* _Data excerpts_:
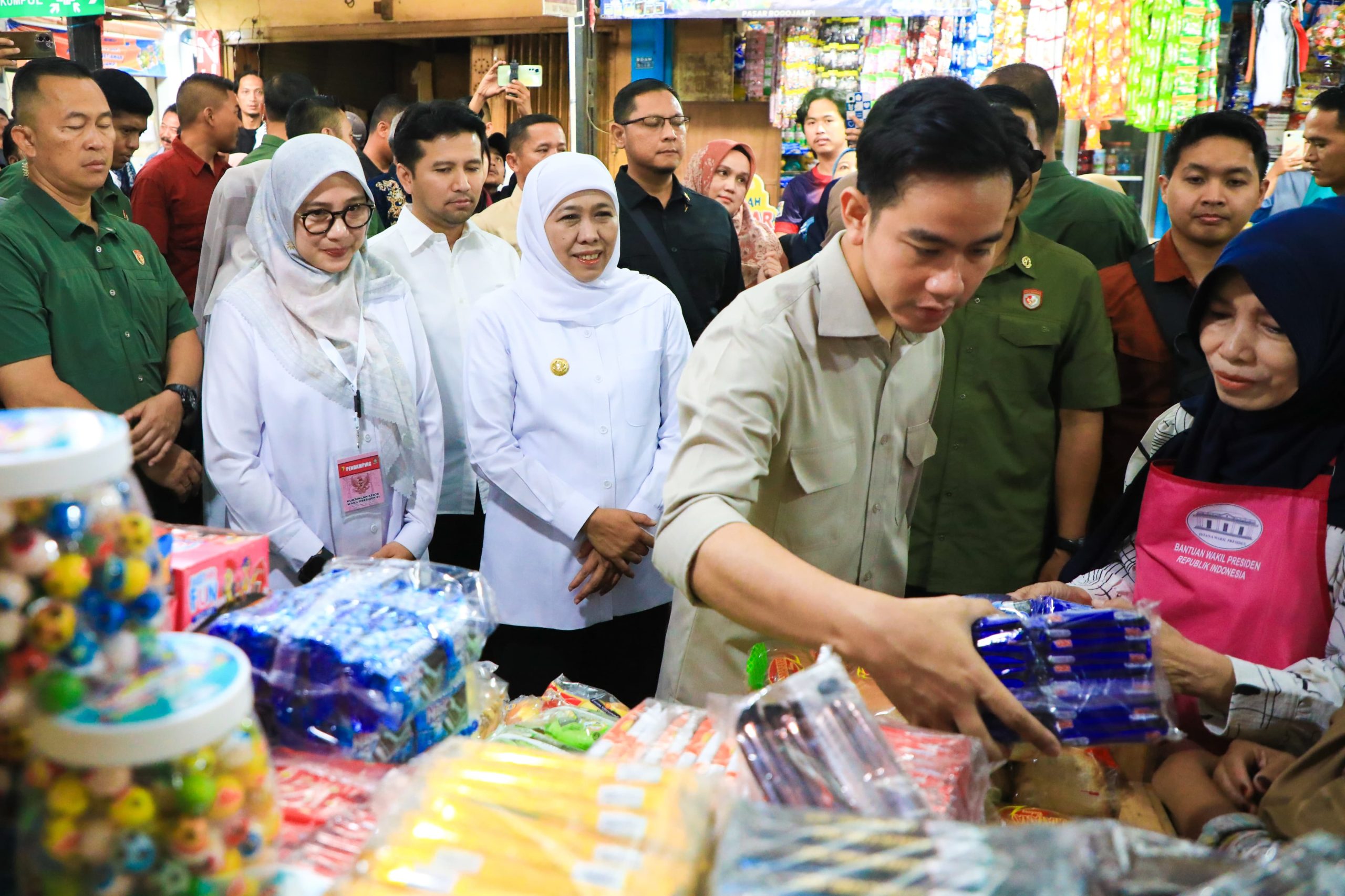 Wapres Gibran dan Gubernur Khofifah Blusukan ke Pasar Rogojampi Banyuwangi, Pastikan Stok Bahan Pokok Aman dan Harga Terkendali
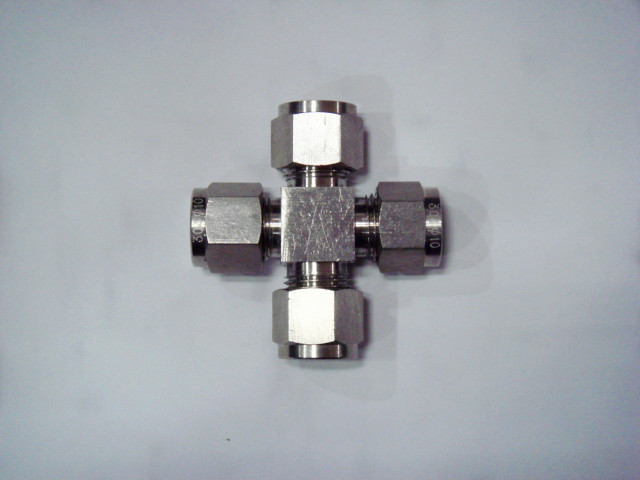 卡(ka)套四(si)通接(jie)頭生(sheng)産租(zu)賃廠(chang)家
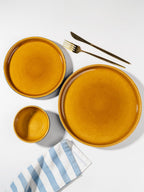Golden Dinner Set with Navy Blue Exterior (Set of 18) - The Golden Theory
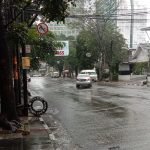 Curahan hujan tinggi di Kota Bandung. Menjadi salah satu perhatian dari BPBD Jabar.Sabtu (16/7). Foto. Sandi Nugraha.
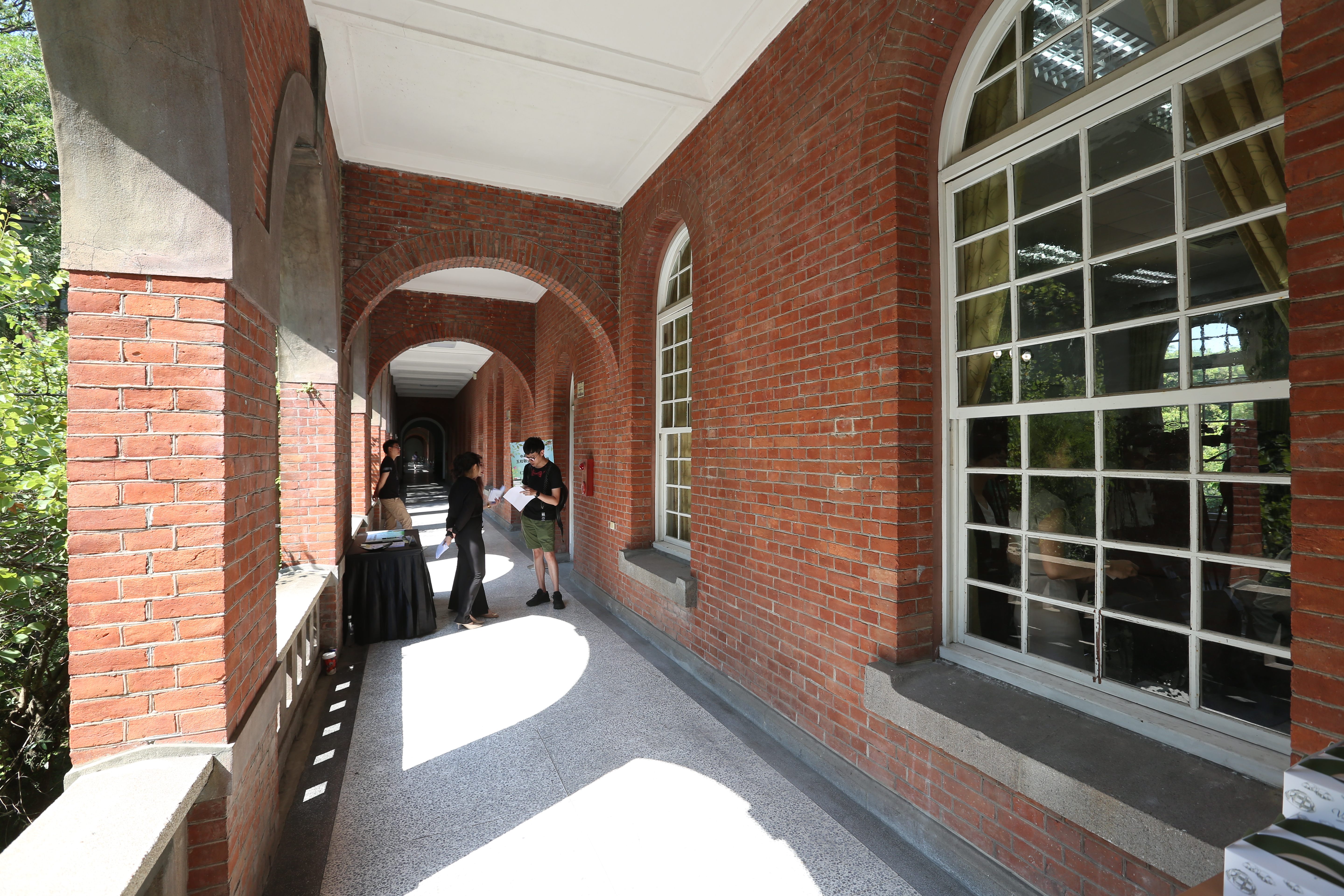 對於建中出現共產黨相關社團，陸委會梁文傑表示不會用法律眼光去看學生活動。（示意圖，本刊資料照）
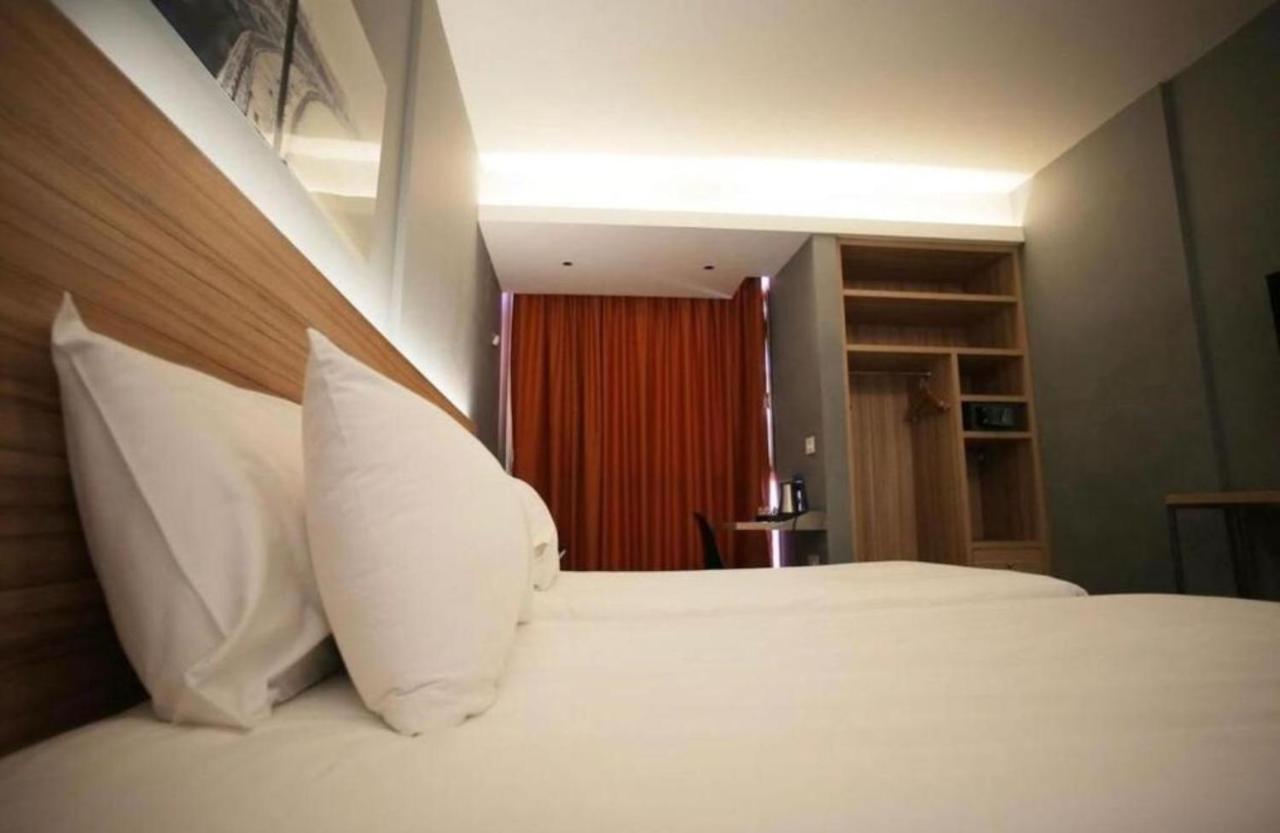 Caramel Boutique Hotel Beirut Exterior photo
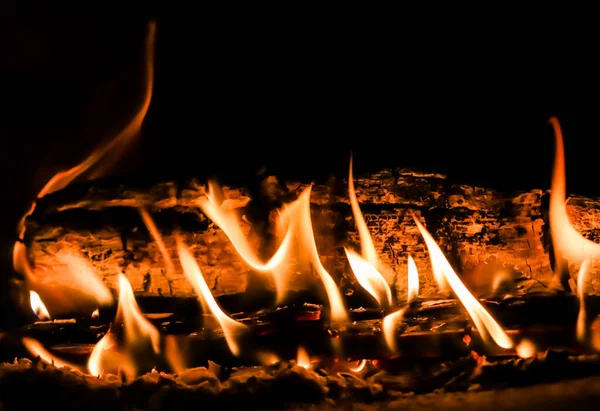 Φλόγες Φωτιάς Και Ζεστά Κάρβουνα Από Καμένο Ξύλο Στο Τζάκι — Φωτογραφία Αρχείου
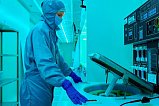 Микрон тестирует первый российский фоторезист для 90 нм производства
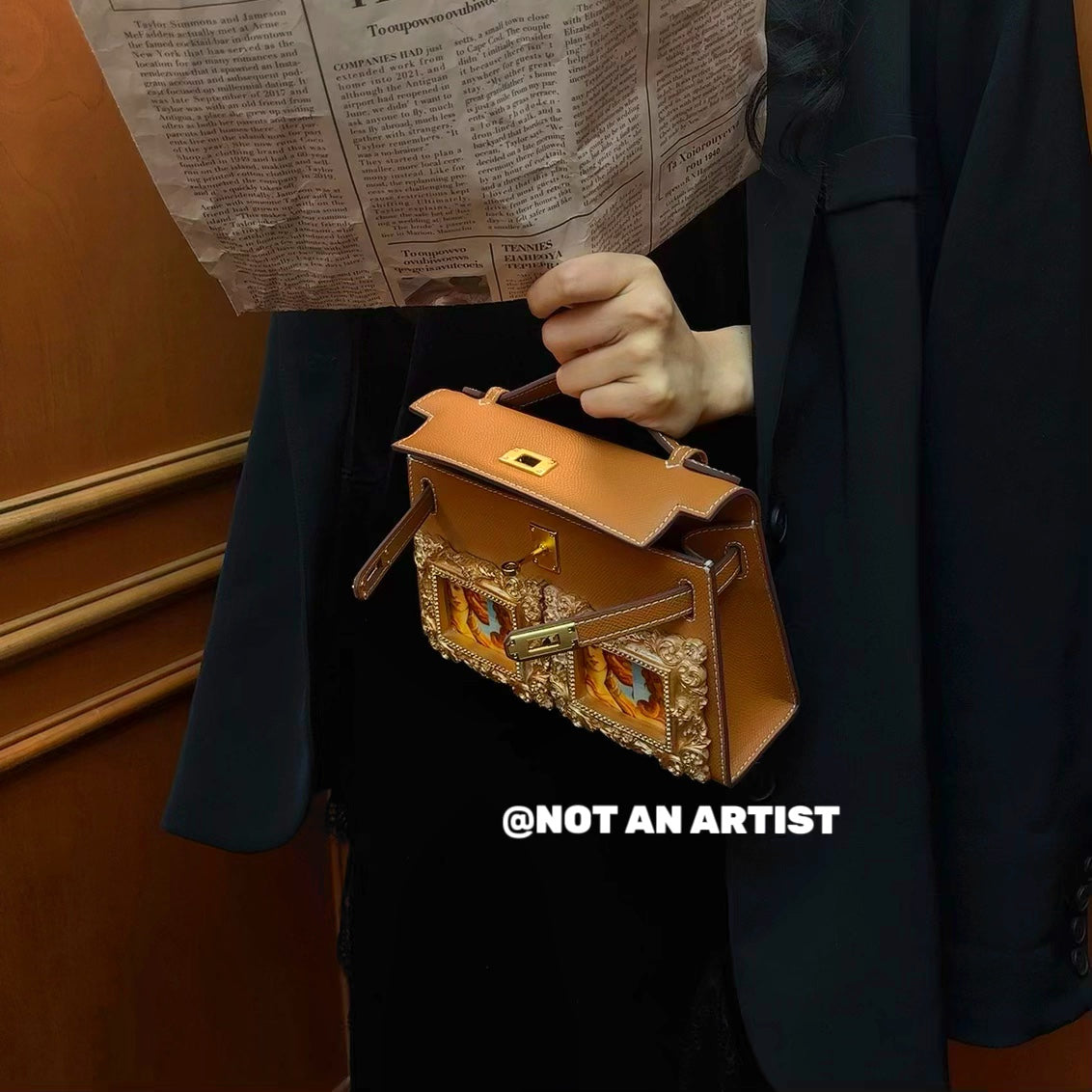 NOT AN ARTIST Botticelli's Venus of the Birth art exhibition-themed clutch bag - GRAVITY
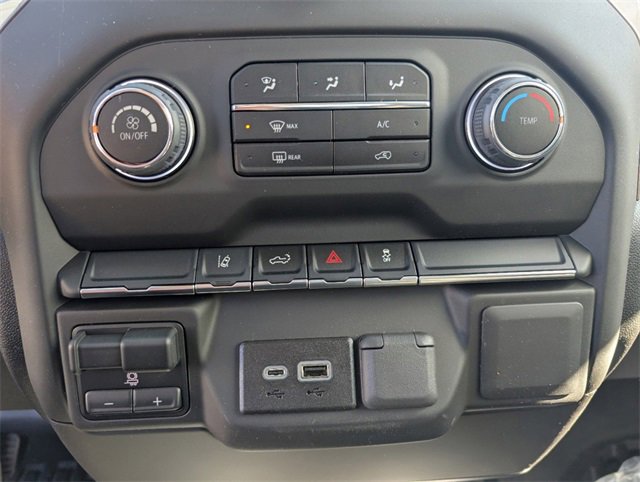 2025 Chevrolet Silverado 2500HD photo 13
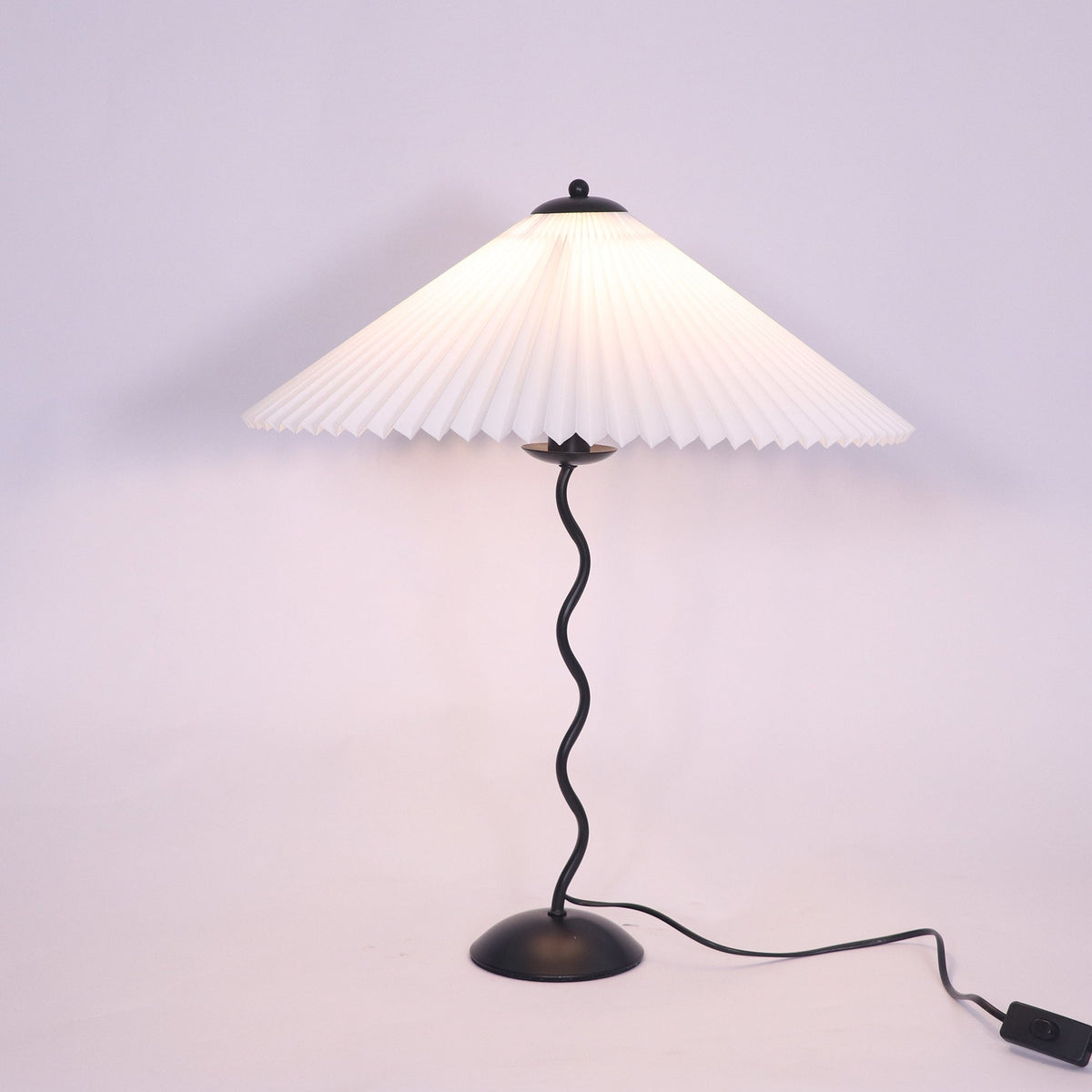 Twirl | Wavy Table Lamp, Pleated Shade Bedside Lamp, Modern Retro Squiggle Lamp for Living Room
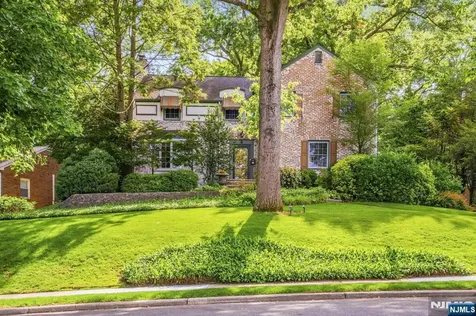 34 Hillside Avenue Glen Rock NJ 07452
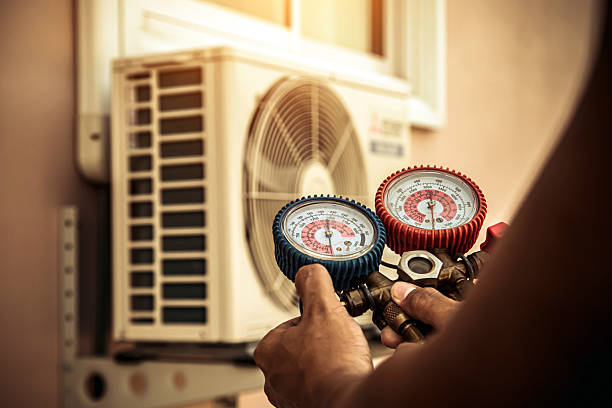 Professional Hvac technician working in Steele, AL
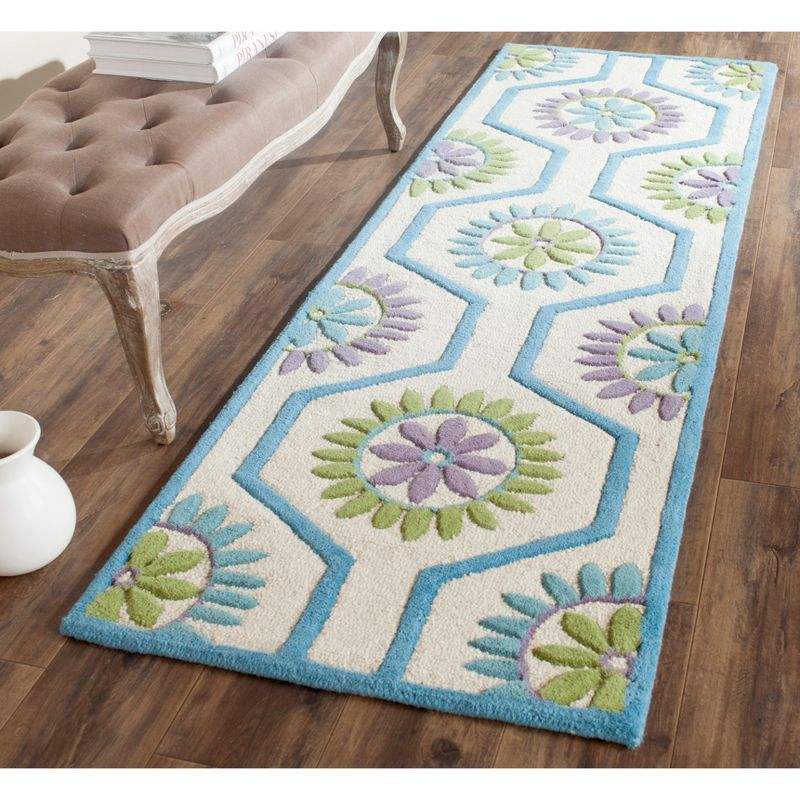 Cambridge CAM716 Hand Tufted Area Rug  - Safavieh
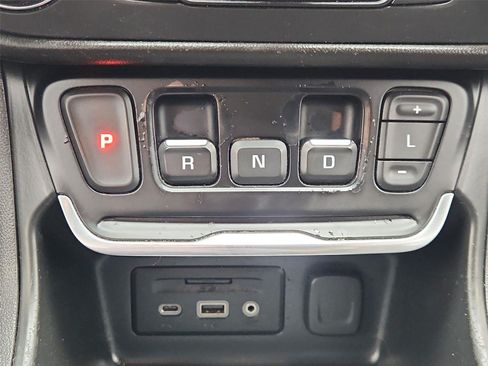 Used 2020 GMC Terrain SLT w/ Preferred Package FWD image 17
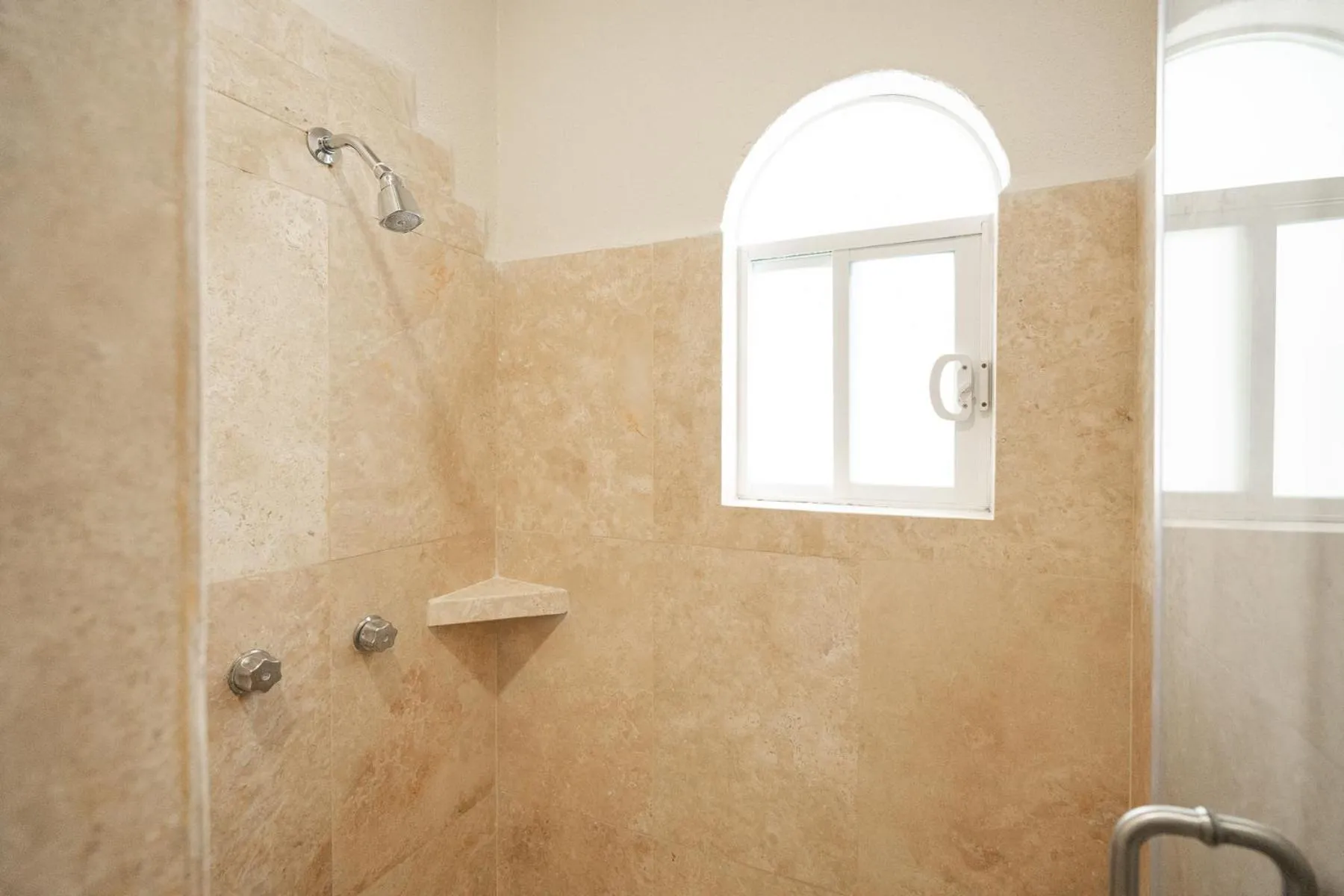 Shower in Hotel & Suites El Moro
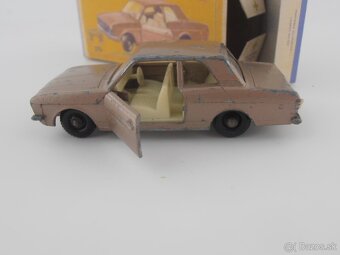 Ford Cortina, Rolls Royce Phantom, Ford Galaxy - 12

* _Work order_: Go from the first line of the listing to the line holding "2025 Chevrolet Silverado 2500HD photo 13" and, please, transcribe those lines exactly, both included, with no pictures.

* _Exercise output_:
 Wapres Gibran dan Gubernur Khofifah Blusukan ke Pasar Rogojampi Banyuwangi, Pastikan Stok Bahan Pokok Aman dan Harga Terkendali
 卡(ka)套四(si)通接(jie)頭生(sheng)産租(zu)賃廠(chang)家
Golden Dinner Set with Navy Blue Exterior (Set of 18) - The Golden Theory
 Curahan hujan tinggi di Kota Bandung. Menjadi salah satu perhatian dari BPBD Jabar.Sabtu (16/7). Foto. Sandi Nugraha.
 對於建中出現共產黨相關社團，陸委會梁文傑表示不會用法律眼光去看學生活動。（示意圖，本刊資料照）
 Caramel Boutique Hotel Beirut Exterior photo
 Φλόγες Φωτιάς Και Ζεστά Κάρβουνα Από Καμένο Ξύλο Στο Τζάκι — Φωτογραφία Αρχείου
 Микрон тестирует первый российский фоторезист для 90 нм производства
 NOT AN ARTIST Botticelli's Venus of the Birth art exhibition-themed clutch bag - GRAVITY
 2025 Chevrolet Silverado 2500HD photo 13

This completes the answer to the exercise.